» **Collected data**

= Beginning of Section =

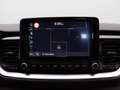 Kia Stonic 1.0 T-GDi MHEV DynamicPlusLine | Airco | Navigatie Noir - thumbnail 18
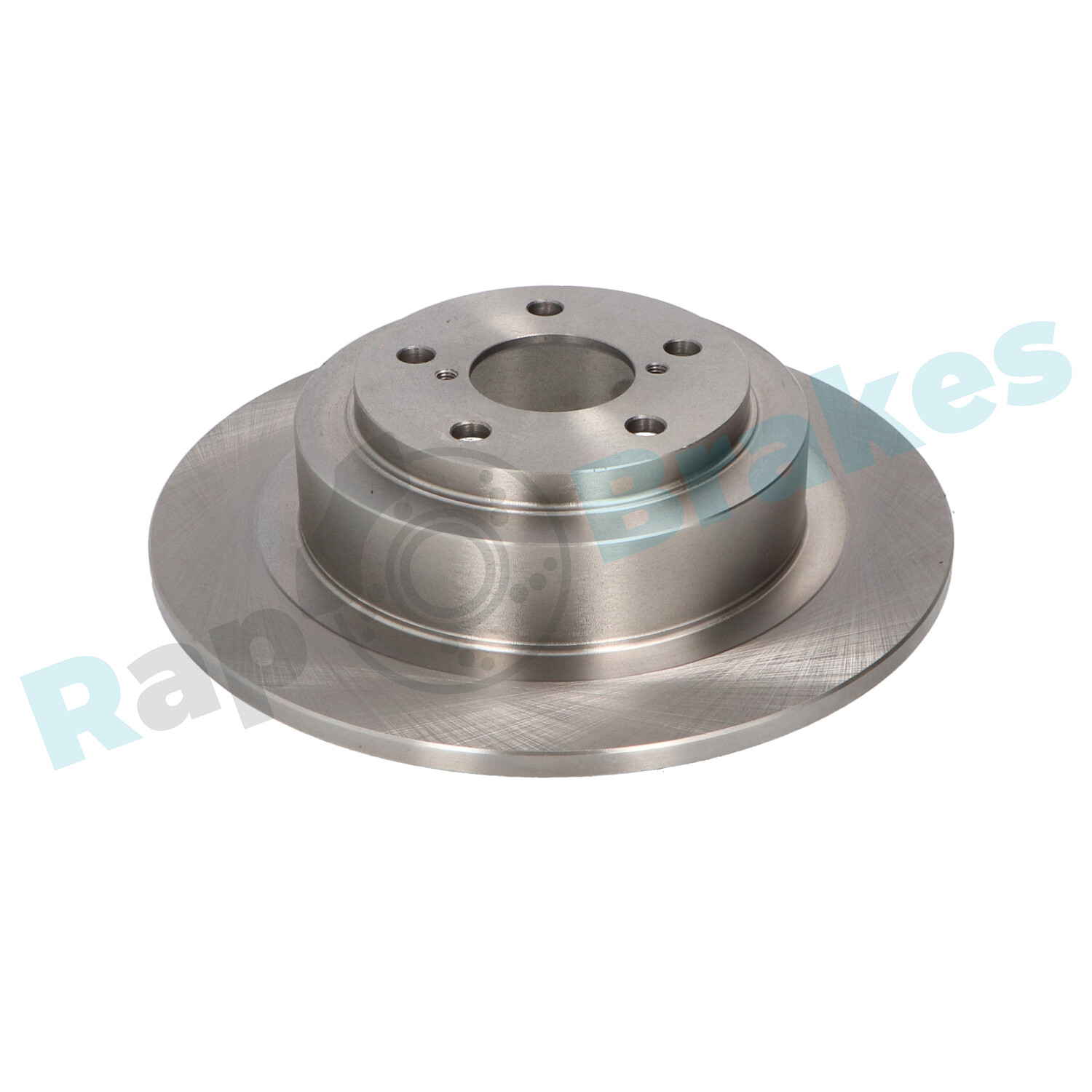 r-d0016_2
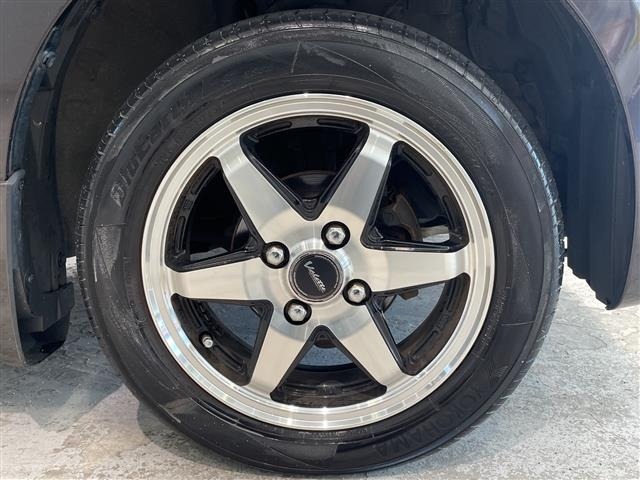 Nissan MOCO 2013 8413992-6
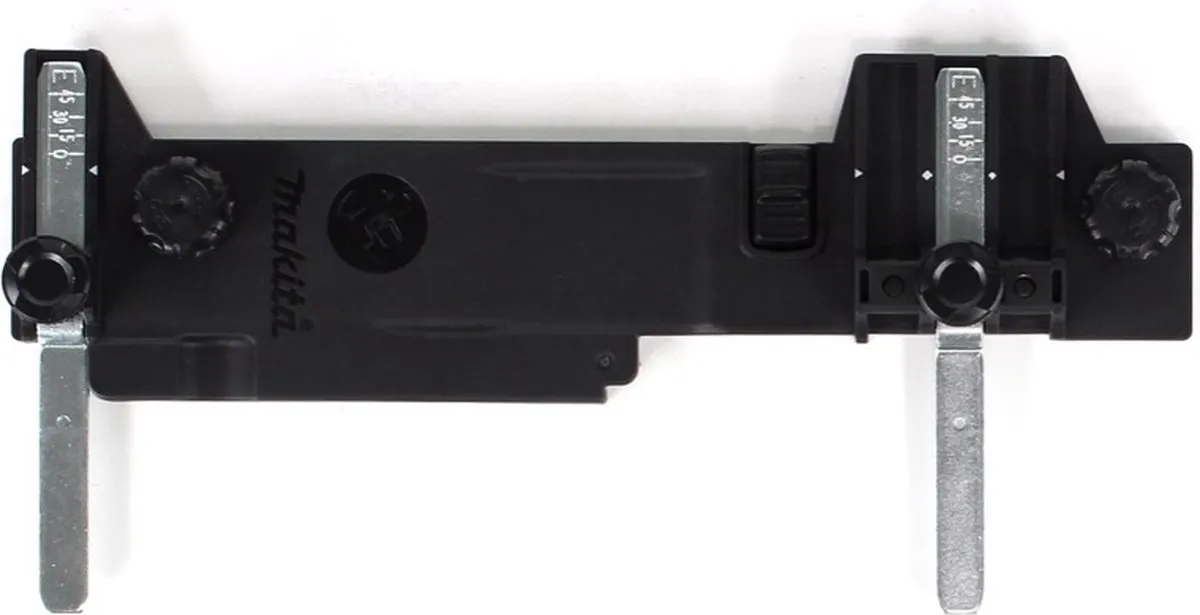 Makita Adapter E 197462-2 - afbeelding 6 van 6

= End of Section =

» **Task directions**
All of the material above should be written out exactly as given, minus any images.

» **Exercise solution**
 Kia Stonic 1.0 T-GDi MHEV DynamicPlusLine | Airco | Navigatie Noir - thumbnail 18
 r-d0016_2
 Nissan MOCO 2013 8413992-6
 Makita Adapter E 197462-2 - afbeelding 6 van 6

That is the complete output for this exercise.